Furo Iyenemi

Personal information
- Full name: Iyenemi Charles Furo^{[citation needed]}
- Date of birth: 17 July 1978 (age 47)
- Place of birth: Okrika, Nigeria
- Height: 1.86 m (6 ft 1 in)
- Position: Defender

Youth career
- Sharks

Senior career*
- Years: Team / Apps / (Gls)
- 1995–1997: Paris Saint-Germain B
- 1997–1999: Waregem / 55 / (2)
- 1999–2000: Sion / 13 / (1)
- 2000: Royal Antwerp / 0 / (0)
- 2000–2002: Sion / 8 / (0)
- 2003: Akratitos / 7 / (1)
- 2004–2005: Istres / 0 / (0)
- 2005–2006: Servette / 5 / (0)

International career
- 2000: Nigeria U23 / 2 / (0)
- 2000: Nigeria / 5 / (0)

= Furo Iyenemi =

Nigerian footballer

Furo Iyenemi (born 17 July 1978) is a retired Nigerian international footballer who played as a defender for clubs in France, Belgium, Switzerland and Greece.

==Club career==
Born in Okrika, Iyenemi moved to France and began playing football for Paris Saint-Germain's reserve side in 1995. He signed a contract with Belgian Pro League club K.S.V. Waregem in 1997. He acquired Belgian citizenship and moved to Swiss Super League side FC Sion.

In January 2003, Iyenemi joined Super League Greece side Akratitos F.C., where he made 7 league appearances before leaving the club.

==International career==
Iyenemi played for Nigeria at the 2000 Summer Olympics in Sydney.
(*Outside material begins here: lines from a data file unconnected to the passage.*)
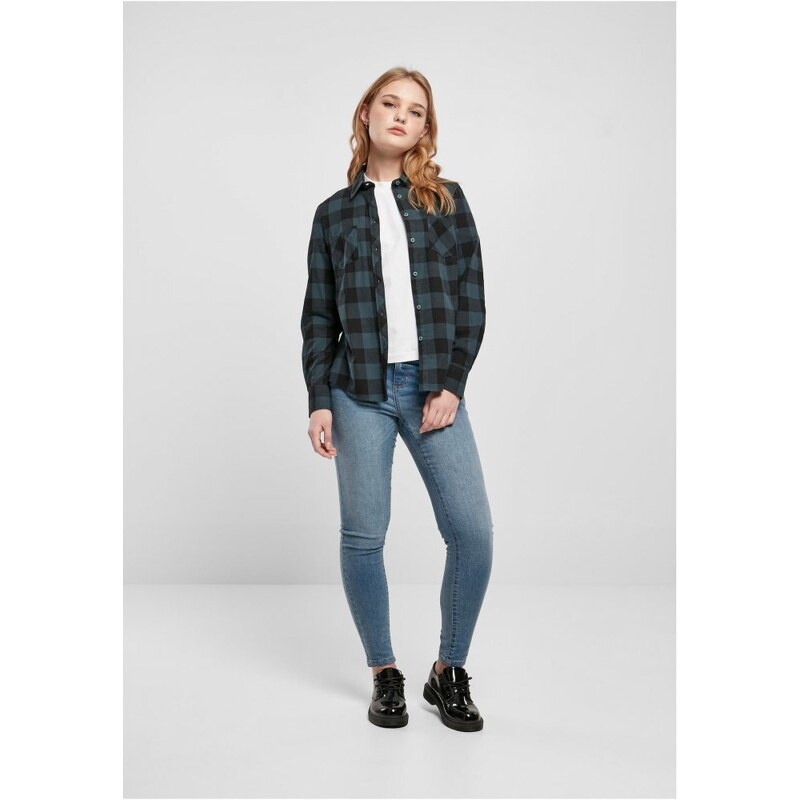 URBAN CLASSICS Ladies Turnup Checked Flanell Shirt - jasper/black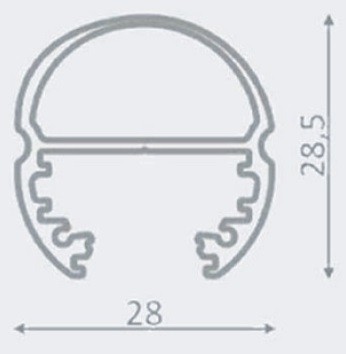 PROFILO LED OVAL ALLUMINIO 2mt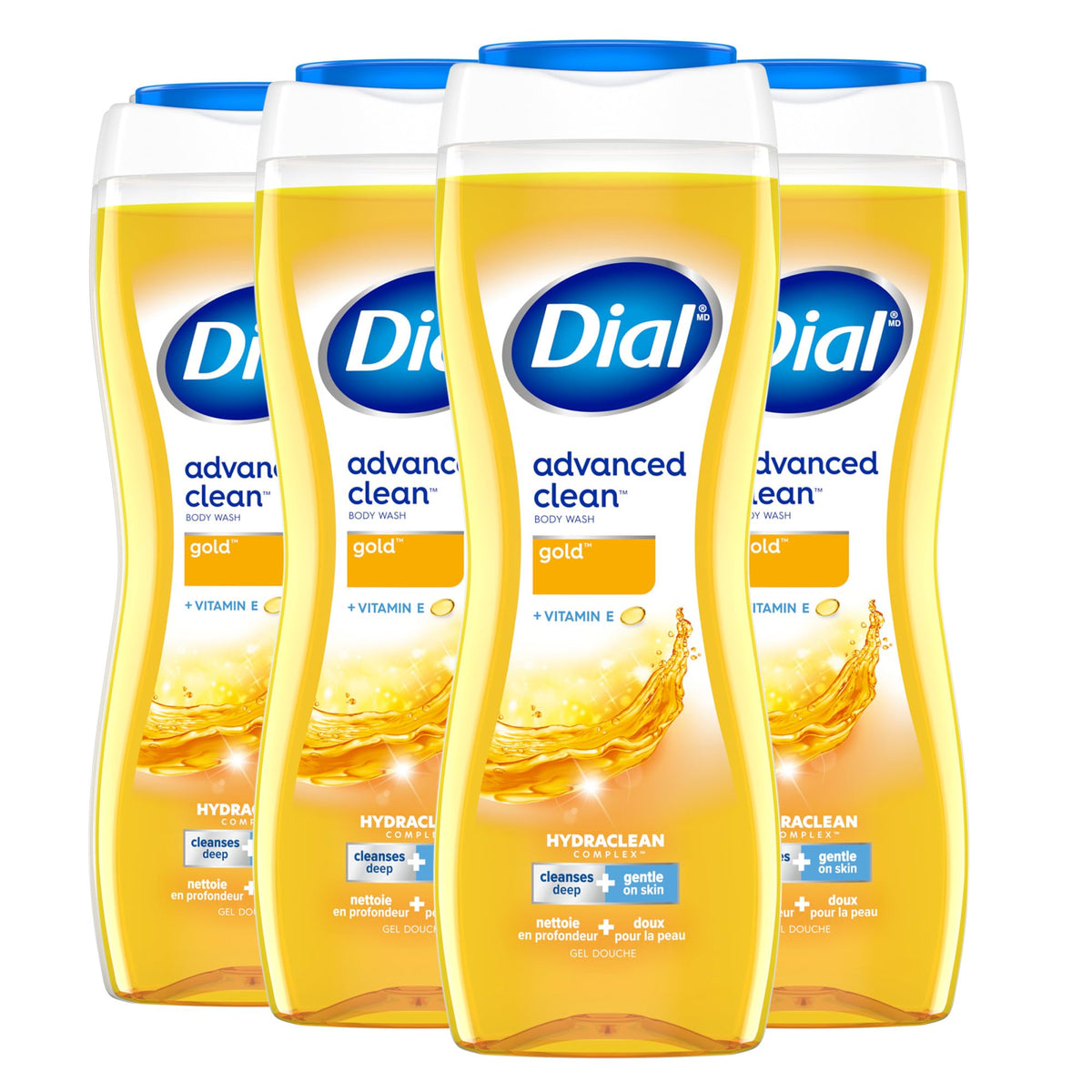 Dial front packaging showing bottle and signature gold scent benefit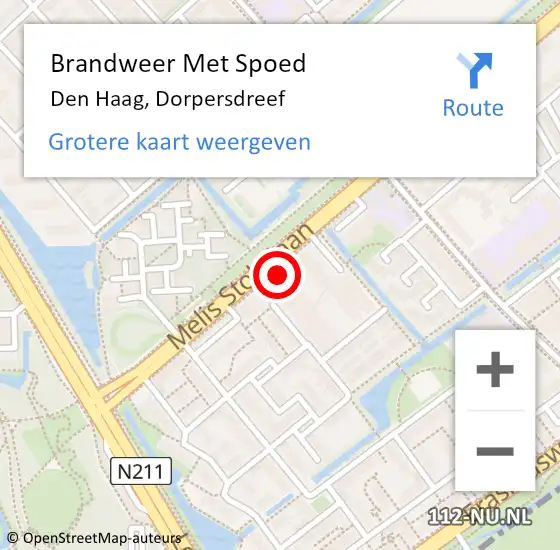 Locatie op kaart van de 112 melding: Brandweer Met Spoed Naar Den Haag, Dorpersdreef op 5 september 2024 20:15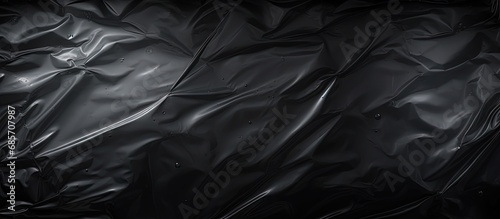 Black transparent plastic texture with a hole for poster and cover art Realistic plastic wrap for overlay copy space and photo effect Wrinkled plastic on black background Copy space image Place photo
He captained the team as they reached the last eight of the tournament.

Iyenemi played for the Nigeria national football team at the 2000 African Cup of Nations finals, making five appearances as Nigeria finished runners-up.

==Personal life==
His son, Kaye Furo, plays professional football in Belgium for Club Brugge KV.